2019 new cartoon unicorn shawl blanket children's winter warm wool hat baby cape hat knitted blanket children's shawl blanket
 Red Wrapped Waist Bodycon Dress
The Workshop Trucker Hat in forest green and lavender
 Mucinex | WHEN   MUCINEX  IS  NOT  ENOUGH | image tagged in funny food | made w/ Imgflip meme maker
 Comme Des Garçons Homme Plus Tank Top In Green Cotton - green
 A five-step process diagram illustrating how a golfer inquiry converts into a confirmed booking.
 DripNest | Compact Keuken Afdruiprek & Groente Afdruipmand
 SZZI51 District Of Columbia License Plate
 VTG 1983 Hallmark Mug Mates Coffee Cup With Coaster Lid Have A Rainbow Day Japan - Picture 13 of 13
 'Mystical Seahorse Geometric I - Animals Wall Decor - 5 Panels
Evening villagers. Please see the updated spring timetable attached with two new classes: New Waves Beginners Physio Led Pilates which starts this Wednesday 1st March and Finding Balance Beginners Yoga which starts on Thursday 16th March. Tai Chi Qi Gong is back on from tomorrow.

WORK TASK: Only the lines from the one containing "SZZI51 District Of Columbia License Plate" through the last line of the records are to be set down, exactly as they appear.

SOLVED EXERCISE:
 SZZI51 District Of Columbia License Plate
 VTG 1983 Hallmark Mug Mates Coffee Cup With Coaster Lid Have A Rainbow Day Japan - Picture 13 of 13
 'Mystical Seahorse Geometric I - Animals Wall Decor - 5 Panels
Evening villagers. Please see the updated spring timetable attached with two new classes: New Waves Beginners Physio Led Pilates which starts this Wednesday 1st March and Finding Balance Beginners Yoga which starts on Thursday 16th March. Tai Chi Qi Gong is back on from tomorrow.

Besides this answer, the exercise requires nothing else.